We want to forget, to cast these people off as monsters, but what we forget is that we create them. The psychology of these people is something we shape. The fact a child – a child who by all accounts was peaceful, who had aspirations for art, for God, to make a positive change – was allowed to be exposed to such horror and suffering that he ultimately created it is something we control.
1 in 4 of us is a psychopath. 1 in 4 of us has the potential for violence, for destruction, for brutality. You know the difference between a psychopath and someone who’s just high on the psychopathic scale? Treatment. That is the link. Take two children. These children aren’t picked at random; they have one thing in common. They’re both on the same level of the psychopathic scale (this isn’t in the speech, but there is such thing as the psychopathic scale – and a lot of people rate highly on it. Including myself, actually) . Come back 10 years later. One child is a manager of a bank. And one is a serial killer. Studies show the key, the activation, is treatment.

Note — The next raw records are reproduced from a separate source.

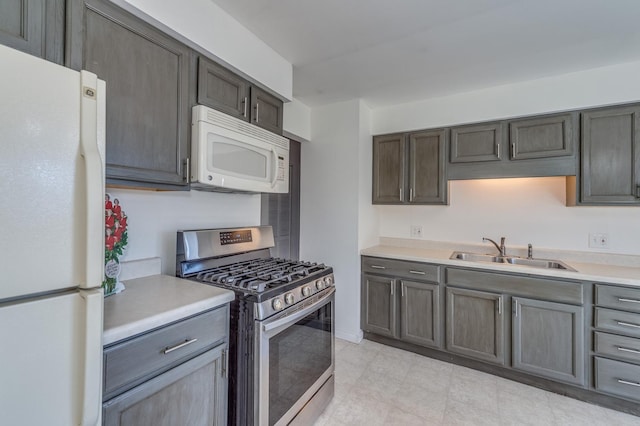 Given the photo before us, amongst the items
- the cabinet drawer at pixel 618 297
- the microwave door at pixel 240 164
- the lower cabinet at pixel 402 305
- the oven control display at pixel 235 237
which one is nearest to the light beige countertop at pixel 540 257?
the cabinet drawer at pixel 618 297

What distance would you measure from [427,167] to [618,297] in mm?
1657

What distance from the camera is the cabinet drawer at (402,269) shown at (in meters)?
2.54

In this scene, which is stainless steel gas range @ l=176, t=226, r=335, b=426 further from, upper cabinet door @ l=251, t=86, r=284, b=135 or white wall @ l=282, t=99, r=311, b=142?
white wall @ l=282, t=99, r=311, b=142

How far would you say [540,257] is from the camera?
254 centimetres

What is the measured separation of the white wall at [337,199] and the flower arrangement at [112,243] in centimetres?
199

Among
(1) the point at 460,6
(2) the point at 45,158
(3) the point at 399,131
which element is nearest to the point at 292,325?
(2) the point at 45,158

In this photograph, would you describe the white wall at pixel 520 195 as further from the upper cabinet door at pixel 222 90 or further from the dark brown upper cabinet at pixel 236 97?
the upper cabinet door at pixel 222 90

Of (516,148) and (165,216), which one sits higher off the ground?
(516,148)

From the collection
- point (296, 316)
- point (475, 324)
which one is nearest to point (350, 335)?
point (475, 324)

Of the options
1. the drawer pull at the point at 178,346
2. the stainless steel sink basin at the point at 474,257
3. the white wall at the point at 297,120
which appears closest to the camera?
the drawer pull at the point at 178,346

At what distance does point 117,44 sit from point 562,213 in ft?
11.0

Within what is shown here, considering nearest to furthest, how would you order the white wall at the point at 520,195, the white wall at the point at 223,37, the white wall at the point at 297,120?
1. the white wall at the point at 223,37
2. the white wall at the point at 520,195
3. the white wall at the point at 297,120

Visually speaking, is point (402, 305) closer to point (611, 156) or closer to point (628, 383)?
point (628, 383)

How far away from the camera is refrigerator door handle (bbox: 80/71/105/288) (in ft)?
2.43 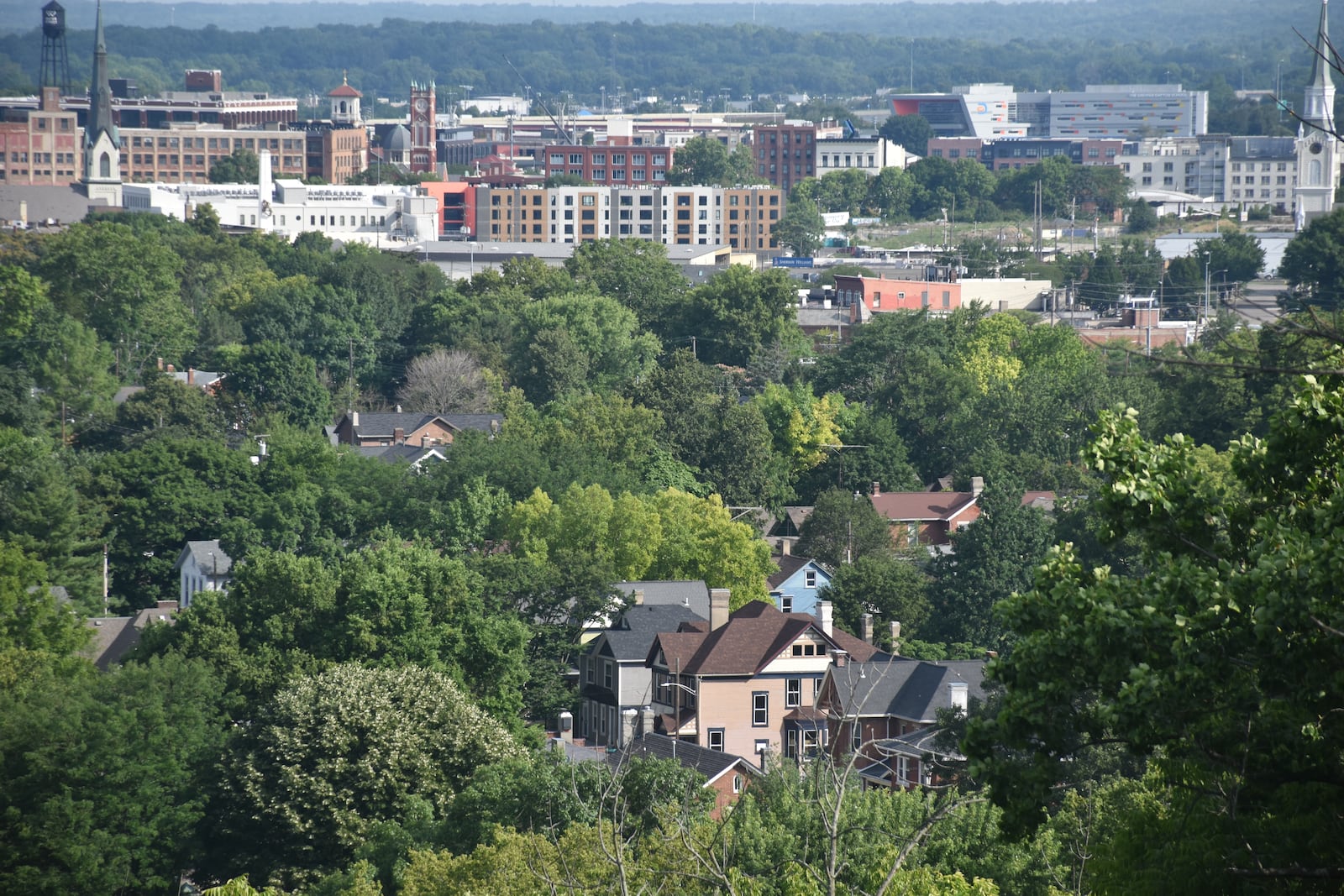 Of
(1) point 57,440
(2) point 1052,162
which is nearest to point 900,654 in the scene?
(1) point 57,440

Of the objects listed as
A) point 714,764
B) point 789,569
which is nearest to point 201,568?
point 789,569

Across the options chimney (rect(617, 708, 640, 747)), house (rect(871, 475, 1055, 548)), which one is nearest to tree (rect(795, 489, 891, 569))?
house (rect(871, 475, 1055, 548))

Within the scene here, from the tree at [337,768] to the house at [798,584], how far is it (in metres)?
19.4

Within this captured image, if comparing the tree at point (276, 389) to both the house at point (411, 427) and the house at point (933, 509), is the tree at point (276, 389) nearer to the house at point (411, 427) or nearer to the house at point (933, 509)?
the house at point (411, 427)

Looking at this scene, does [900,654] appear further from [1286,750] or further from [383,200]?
[383,200]

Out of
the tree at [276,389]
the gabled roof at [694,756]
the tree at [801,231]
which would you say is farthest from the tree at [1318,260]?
the tree at [801,231]

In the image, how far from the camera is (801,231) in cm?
15625

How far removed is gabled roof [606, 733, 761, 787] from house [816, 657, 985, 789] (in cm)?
219

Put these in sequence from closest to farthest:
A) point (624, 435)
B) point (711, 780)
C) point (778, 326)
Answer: point (711, 780) < point (624, 435) < point (778, 326)

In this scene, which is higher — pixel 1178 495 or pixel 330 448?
pixel 1178 495

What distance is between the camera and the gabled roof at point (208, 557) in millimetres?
52906

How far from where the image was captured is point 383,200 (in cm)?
15212

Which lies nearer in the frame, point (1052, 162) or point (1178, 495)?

Between the ages of 1-3 especially, any kind of abuse, any exposure to destructive influence, is a strong cause for violent behaviour later on.

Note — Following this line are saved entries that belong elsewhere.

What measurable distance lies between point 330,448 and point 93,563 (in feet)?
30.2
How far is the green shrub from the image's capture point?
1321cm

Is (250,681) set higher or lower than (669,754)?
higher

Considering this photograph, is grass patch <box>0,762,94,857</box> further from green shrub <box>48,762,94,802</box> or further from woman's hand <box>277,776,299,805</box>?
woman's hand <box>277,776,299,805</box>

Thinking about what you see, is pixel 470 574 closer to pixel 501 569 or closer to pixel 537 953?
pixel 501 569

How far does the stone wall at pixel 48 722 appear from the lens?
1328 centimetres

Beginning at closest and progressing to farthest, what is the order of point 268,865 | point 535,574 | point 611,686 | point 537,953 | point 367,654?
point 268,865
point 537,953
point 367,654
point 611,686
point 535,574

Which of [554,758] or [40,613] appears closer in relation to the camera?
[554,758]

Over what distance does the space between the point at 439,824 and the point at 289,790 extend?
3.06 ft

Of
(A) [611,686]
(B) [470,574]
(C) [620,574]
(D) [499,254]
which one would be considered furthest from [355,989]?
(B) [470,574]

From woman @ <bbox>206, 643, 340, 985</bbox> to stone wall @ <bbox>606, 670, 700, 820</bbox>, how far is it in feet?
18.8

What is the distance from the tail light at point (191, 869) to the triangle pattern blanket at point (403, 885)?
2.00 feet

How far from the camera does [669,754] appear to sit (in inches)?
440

This is not nature, these are not a breed of monsters. This is our race, our influence, our creation. The monsters are real, the monsters are scary, the monsters are dangerous. The monsters are also us.
But what’s funny to think is that, a hundred years ago, if a priest had acted like more a monster and not saved a 4 year old Hitler from drowning, we wouldn’t be having this conversation.
Okay, so it’s not perfect – far from it. (The repetition hurts me. Although, one of the marks is for range of tone and pace, so when it’s spoken it sounds about a hundred times better.) But, bearing in mind it was done in lunchtime and half an hour of maths, I think I did a pretty good job. (Yeah, you thought you procrastinated a lot – the day before my GCSE speaking exam that I didn’t even have a topic for I got high for the first time. I’m a smart duck. Really, I am.)
Big shoutout to Sophie for helping me out all lunchtime. I love you. So much. I can’t repay you in food becuase I’m broke, but the knowledge that your Pirates of the Caribbean medallion has been ordered ready for Christmas should be good enough.
Anyway, thank you guys for listening. Ish.